■ Task details: Once you have located the line containing "Location Maison 4" in the material below, return it exactly along with each line after it through the line containing "#ad ZLR Pressure".
----- Given entries -----
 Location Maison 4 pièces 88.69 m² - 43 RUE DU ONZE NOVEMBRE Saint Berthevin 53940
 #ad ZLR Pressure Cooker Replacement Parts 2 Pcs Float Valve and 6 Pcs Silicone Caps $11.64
-----
----- Given entries -----
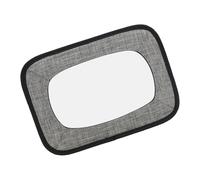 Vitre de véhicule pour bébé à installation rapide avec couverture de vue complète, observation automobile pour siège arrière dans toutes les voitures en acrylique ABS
-----
----- Given entries -----
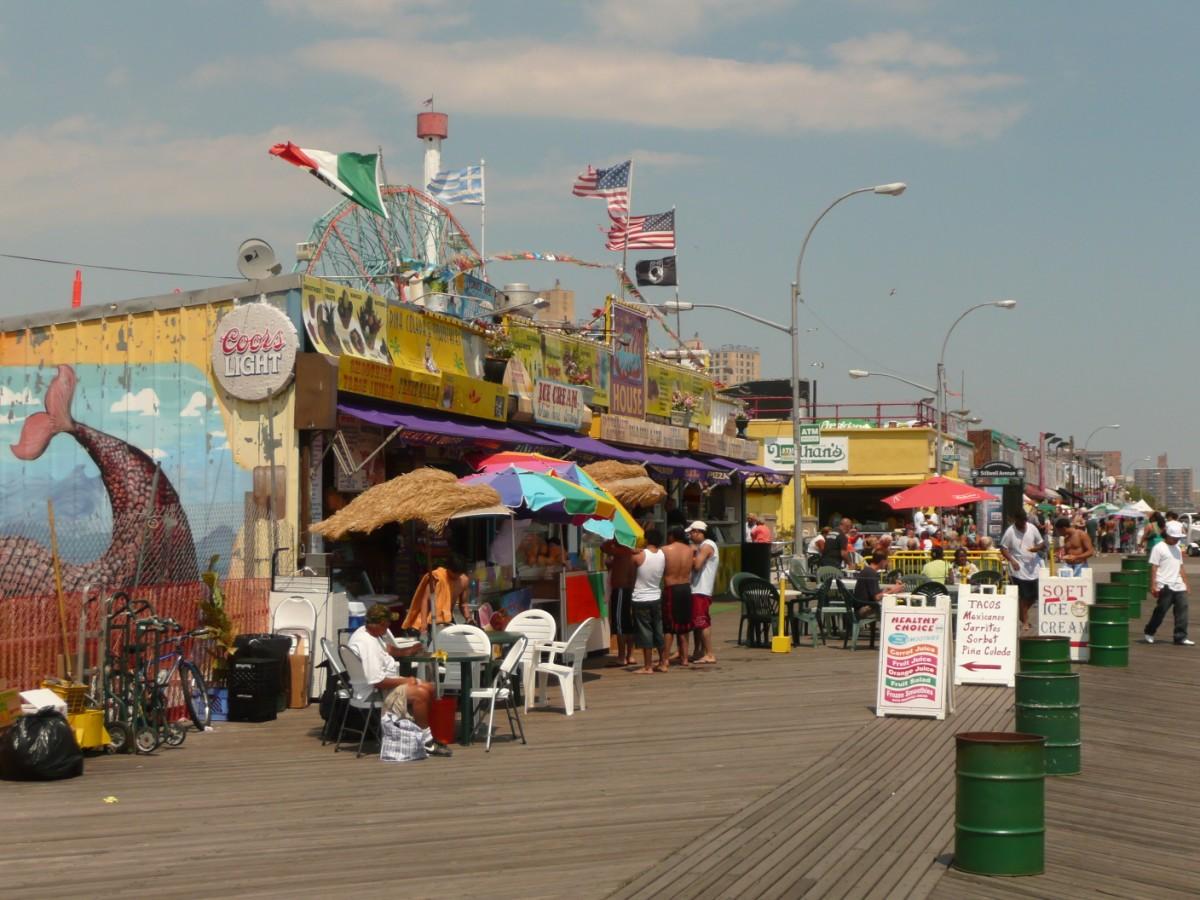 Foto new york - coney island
-----
■ Response for this exercise:
 Location Maison 4 pièces 88.69 m² - 43 RUE DU ONZE NOVEMBRE Saint Berthevin 53940
 #ad ZLR Pressure Cooker Replacement Parts 2 Pcs Float Valve and 6 Pcs Silicone Caps $11.64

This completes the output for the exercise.